Поэтому я мгновенно насторожился, когда однажды разговор коснулся Б. Л. Пастернака и я услышал в словах и интонациях А. Г. нескрываемое пренебрежение. В это время Б. Л. был уже не просто великий русский поэт, но и национальный герой. Пренебрежительные ноты требовали объяснения, и я прямо спросил А. Г. о его отношении к Пастернаку.
– Пастернак – дачный поэт, – категорически заявил А. Г.
– Но почему?!!
– Разве ты не обратил внимания на то, что самые его лучшие стихи о том, как он едет на дачу или как он возвращается с дачи…
Эти стихи Пастернака действительно прекрасны, но ведь не важнее и не лучше всего остального. Слова А. Г. своей пристрастностью резко отличались от всего, что я когда-либо от него слышал. Он произнес их даже несколько агрессивно. Это было уж вовсе удивительно, и мне стало необходимым до конца выяснить, откуда такой гнев и пренебрежение. Я осторожно задал еще один-два вопроса.
– А этот его роман! Этот «Доктор Живаго»! Ты ведь знаешь меня, знаешь Гарри [2] , ты видел у нас в доме многих людей моего поколения. Можешь ты представить себе, чтобы кто-нибудь из этих людей, или я, или Гарри вели бы себя таким вздорным образом, как этот пресловутый доктор Живаго?! А ведь это все о нас! Разве ты не понимаешь, что я, я сам – доктор Живаго!! Вздор какой!!
Он почти кричал…
Читаю письма Б. Л. Пастернака к З. Н. Нейгауз и часто наталкиваюсь на фразы приблизительно такого смысла: «Ах! Что мы делаем!.. За спиной этого великого человека!.. Надо признаться!.. Надо прекратить ложь!.. Все это так ужасно» и т. п.
Спрашиваю А. Г. Габричевского о том, как прореагировал Генрих Густавович на уход Зинаиды Николаевны к Пастернаку.
Александр Георгиевич ответил:
– В один прекрасный день в эту квартиру ворвался Гарри. Он прыгал по комнате, как кузнечик, ударял в ладоши и восклицал: «Избавился! Избавился! Избавился!!!»
А. Г. Габричевский начал маленькую домашнюю лекцию о современной живописи со следующего сообщения:
– Во все времена у всех народов живопись была «дыркой в стене». Когда в девятьсот четырнадцатом году я пришел на выставку и увидел «Черный квадрат» Малевича, то понял, что «дырку» замуровали.

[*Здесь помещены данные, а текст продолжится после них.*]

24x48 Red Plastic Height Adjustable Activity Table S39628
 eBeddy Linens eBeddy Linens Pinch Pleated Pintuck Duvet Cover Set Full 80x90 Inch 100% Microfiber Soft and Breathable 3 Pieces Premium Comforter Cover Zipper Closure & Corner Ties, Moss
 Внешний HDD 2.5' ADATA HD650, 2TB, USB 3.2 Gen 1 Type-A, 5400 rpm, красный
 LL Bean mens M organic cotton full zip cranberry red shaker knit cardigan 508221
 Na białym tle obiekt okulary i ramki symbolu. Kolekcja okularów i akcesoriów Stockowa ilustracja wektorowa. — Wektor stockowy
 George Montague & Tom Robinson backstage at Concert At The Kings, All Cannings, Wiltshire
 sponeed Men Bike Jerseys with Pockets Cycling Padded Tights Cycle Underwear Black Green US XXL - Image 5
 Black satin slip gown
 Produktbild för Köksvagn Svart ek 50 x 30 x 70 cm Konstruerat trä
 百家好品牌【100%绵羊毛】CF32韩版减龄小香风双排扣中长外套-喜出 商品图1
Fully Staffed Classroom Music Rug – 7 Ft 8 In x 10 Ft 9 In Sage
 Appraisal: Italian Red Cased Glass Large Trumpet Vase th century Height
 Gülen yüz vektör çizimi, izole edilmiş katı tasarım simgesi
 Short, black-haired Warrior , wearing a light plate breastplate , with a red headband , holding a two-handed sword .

Показываю Д. Б. Кабалевскому свою Третью симфонию в фортепианном исполнении. Он в это время был еще и председателем Молодежной секции Союза московских композиторов.
Во время прослушивания с его стороны иногда слышались неодобрительные, с закрытым ртом, «у-гу», и я с изумлением обнаружил, что он не вовремя переворачивает листы моей довольно простой партитуры – опаздывает на три-четыре страницы.
Музыка закончилась.
– Коля!! Что это?!! Я не узнаю прежнего Каретникова!!
Откуда эта мистическая полетность?!! (До сих пор гадаю, что он имел в виду.)
И далее в том же духе. Сплошь восклицания, все вне какой-либо логической аргументации.
Через два дня показал симфонию на собрании Молодежной секции. Кабалевский на сей раз отсутствовал.
Еще через день я был вызван к секретарю Союза композиторов СССР Владимиру Крюкову.
– Николай Николаевич! Стало известно, что вы написали некую новую симфонию, так вот, мы хотели бы с ней познакомиться.